The Conclusions of That CAPTCHA Paper Seem Iffy to Me theregister.com

Thomas Claburn, the Register:

Google promotes its reCAPTCHA service as a security mechanism for websites, but researchers affiliated with the University of California, Irvine, argue it’s harvesting information while extracting human labor worth billions.

[…]

“Traffic resulting from reCAPTCHA consumed 134 petabytes of bandwidth, which translates into about 7.5 million kWhs of energy, corresponding to 7.5 million pounds of CO2. In addition, Google has potentially profited $888 billion from cookies [created by reCAPTCHA sessions] and $8.75–32.3 billion per each sale of their total labeled data set.”

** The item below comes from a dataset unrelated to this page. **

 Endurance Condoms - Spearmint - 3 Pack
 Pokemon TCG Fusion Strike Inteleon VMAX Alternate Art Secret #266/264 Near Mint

I have seen this paper (PDF) being passed around and, while I find its participant-reported data believable — people are much less satisfied with image-based CAPTCHA puzzles than checkboxes — these calculations are unbelievable.

To reiterate, the researchers are estimating reCAPTCHA sessions have, over the past thirteen years, been responsible for $888 billion of Google’s income. In that time, Google has made $1.8 trillion in revenue. These researchers are suggesting up to 49% of that can be directly tied to reCAPTCHA cookies.

Here is the explanation they give in the paper for how they arrived at that conclusion:

[…] According to Forbes [3], digital ad spending reached over $491 billion globally in 2021, and more than half of the market (51%) heavily relied on third-party cookies for advertisement strategies [1]. The expenditure on third-party audience data (collected using tracking cookies) in the United States reached from $15.9 billion in 2017 to $22 billion in 2021 [2]. More concretely, the current average value life-time of a cookie is €2.52 or $2.7 [58]. Given that there have been at least 329 billion reCAPTCHAv2 sessions, which created tracking cookies, that would put the estimated value of those cookies at $888 billion dollars.

It seems the researchers simply multiplied the total estimated number of reCAPTCHA sessions by a current value average to arrive at this number. I am probably missing some obvious flaws, but there are three I noticed. First, this calculation assumes cookies created thirteen years ago still exist today and have the same value, on average as any other cookie. Second, it assumes all sessions materialize in a unique individually valuable cookie. Lastly, it is unclear that a cookie’s value can be directly tied to Google’s income, as the researchers claim: “Google has potentially profited $888 billion from [reCAPTCHA] cookies”. None of these assumptions makes sense to me.